Use at pregnancy and during breastfeeding

Use of the drug Akkupro® is contraindicated during pregnancy, at the women planning pregnancy, and also at the women of reproductive age who are not applying reliable methods of contraception.

The women of reproductive age accepting the drug Akkupro® have to use reliable methods of contraception.

When diagnosing pregnancy the drug Akkupro® should be cancelled as soon as possible.

Use of APF inhibitors during pregnancy is followed by increase in risk of development of anomalies from cardiovascular and nervous systems of a fruit. Besides, against the background of reception of APF inhibitors during pregnancy, cases of an oligoamnios, premature births, the births of children with arterial hypotension, pathology of kidneys (including an acute renal failure), a hypoplasia of bones of a skull, contractures of extremities, craniofacial uglinesses, a hypoplasia of lungs, a delay of pre-natal development, an open arterial channel, and also cases of pre-natal death of a fruit and the death of the newborn are described. Often the oligoamnios is diagnosed after the fruit was is irreversible is damaged.

Newborns who were affected by APF inhibitors vnutriutrobno should be observed for the purpose of detection of arterial hypotension, an oliguria and a hyperpotassemia. At emergence of an oliguria it is necessary to support the ABP and perfusion of kidneys.

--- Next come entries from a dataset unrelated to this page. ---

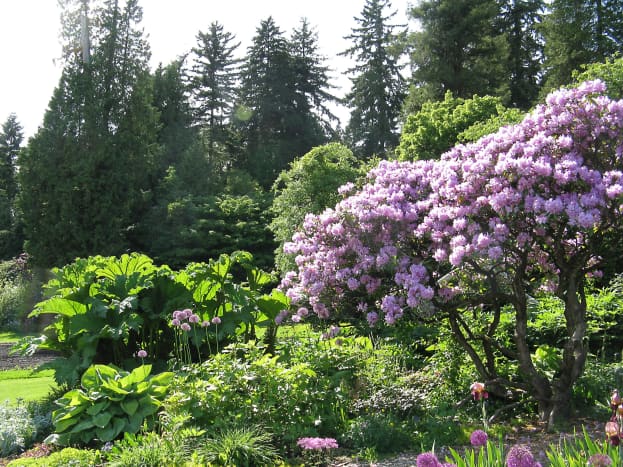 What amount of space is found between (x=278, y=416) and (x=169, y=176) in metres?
18.5

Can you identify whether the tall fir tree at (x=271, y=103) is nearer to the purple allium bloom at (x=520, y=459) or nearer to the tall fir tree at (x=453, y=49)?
the tall fir tree at (x=453, y=49)

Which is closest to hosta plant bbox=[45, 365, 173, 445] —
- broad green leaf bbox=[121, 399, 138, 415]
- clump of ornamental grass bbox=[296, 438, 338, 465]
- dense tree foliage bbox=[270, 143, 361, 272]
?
broad green leaf bbox=[121, 399, 138, 415]

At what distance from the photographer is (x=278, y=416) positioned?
4.33 m

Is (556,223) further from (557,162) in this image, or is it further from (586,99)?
(586,99)

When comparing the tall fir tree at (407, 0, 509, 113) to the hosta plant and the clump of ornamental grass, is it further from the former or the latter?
the clump of ornamental grass

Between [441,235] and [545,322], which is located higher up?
[441,235]

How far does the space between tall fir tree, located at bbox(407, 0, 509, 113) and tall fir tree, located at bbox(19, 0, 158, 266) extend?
1131 centimetres

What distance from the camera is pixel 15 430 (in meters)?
5.02

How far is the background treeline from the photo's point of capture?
1848cm

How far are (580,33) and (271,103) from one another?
602 inches

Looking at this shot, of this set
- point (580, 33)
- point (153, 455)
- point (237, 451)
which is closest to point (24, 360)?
point (153, 455)

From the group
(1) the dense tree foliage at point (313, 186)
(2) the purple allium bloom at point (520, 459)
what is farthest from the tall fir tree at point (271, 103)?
(2) the purple allium bloom at point (520, 459)

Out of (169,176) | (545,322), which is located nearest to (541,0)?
(169,176)

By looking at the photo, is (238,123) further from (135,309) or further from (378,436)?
(378,436) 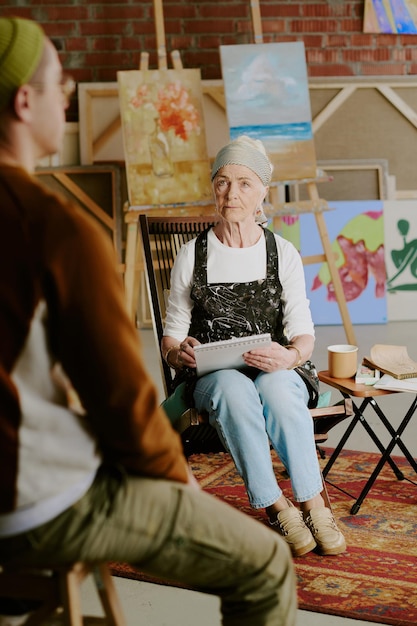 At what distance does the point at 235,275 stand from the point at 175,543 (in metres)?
1.52

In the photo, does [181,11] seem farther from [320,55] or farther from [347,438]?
[347,438]

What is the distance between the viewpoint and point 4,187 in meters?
1.17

It is not necessary to appoint the drug Akkupro® during breastfeeding.

Overdose:

Symptoms: the expressed decrease in the ABP, dizziness, weakness, vision disorders.

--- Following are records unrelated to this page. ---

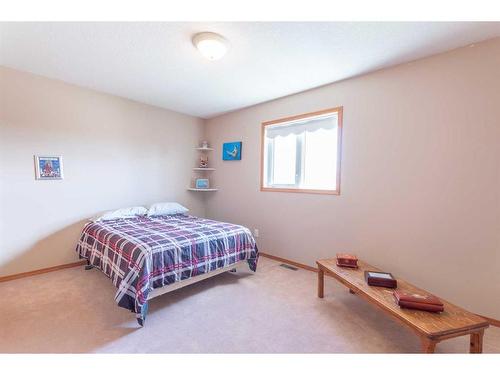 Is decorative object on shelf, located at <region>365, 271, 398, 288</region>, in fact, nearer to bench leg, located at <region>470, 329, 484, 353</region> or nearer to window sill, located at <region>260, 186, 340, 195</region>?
bench leg, located at <region>470, 329, 484, 353</region>

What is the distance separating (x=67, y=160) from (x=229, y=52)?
2.44 m

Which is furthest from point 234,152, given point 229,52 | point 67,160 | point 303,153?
point 67,160

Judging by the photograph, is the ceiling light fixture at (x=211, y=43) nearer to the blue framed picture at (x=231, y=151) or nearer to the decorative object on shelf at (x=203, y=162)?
the blue framed picture at (x=231, y=151)

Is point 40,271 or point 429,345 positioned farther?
point 40,271

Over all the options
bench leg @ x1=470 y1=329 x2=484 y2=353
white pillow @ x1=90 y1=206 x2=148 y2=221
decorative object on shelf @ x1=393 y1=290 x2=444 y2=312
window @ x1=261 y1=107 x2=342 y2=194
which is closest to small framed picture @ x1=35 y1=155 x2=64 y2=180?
white pillow @ x1=90 y1=206 x2=148 y2=221

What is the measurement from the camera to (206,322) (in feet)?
6.05

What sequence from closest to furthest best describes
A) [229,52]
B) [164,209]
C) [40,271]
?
[229,52], [40,271], [164,209]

Treatment: symptomatic. The patient should accept horizontal position, performing intravenous infusion using 0,9% of solution of sodium of chloride is reasonable (for the purpose of increase in OTsK).

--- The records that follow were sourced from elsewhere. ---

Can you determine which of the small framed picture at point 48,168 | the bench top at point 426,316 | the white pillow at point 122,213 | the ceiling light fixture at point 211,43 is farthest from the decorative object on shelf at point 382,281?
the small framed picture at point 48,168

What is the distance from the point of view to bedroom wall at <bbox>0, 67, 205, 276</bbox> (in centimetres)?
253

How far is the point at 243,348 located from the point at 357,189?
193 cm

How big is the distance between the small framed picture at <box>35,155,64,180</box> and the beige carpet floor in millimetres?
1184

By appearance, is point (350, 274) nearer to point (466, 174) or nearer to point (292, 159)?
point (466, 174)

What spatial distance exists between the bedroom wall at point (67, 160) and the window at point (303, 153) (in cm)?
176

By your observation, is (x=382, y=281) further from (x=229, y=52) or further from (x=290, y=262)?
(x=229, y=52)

The hemodialysis and peritoneal dialysis are not effective.

Storage conditions:

At a temperature not above 25 °C. To store in the place, unavailable to children. Period of validity-3 years. Not to use after the period of validity specified on packaging. 

Issue conditions:

According to the recipe

Packaging:

Tablets, film coated, 5 mg:

10 tablets in the blister from aluminum - PAS/aluminium/PVC of a foil, 3 blisters together with the application instruction in a cardboard pack.

Tablets, film coated, 10 mg:

10 tablets in the blister from aluminum - PAS/aluminium/PVC of a foil, 3 blisters together with the application instruction in a cardboard pack.

Tablets, film coated, 20 mg:

10 tablets in the blister from aluminum - PAS/aluminium/PVC of a foil, 3 blisters together with the application instruction in a cardboard pack.

Tablets. film coated, 40 mg:

6 tablets in the blister from aluminum - PAS/aluminium/PVC of a foil, 5 blisters together with the application instruction in a cardboard pack.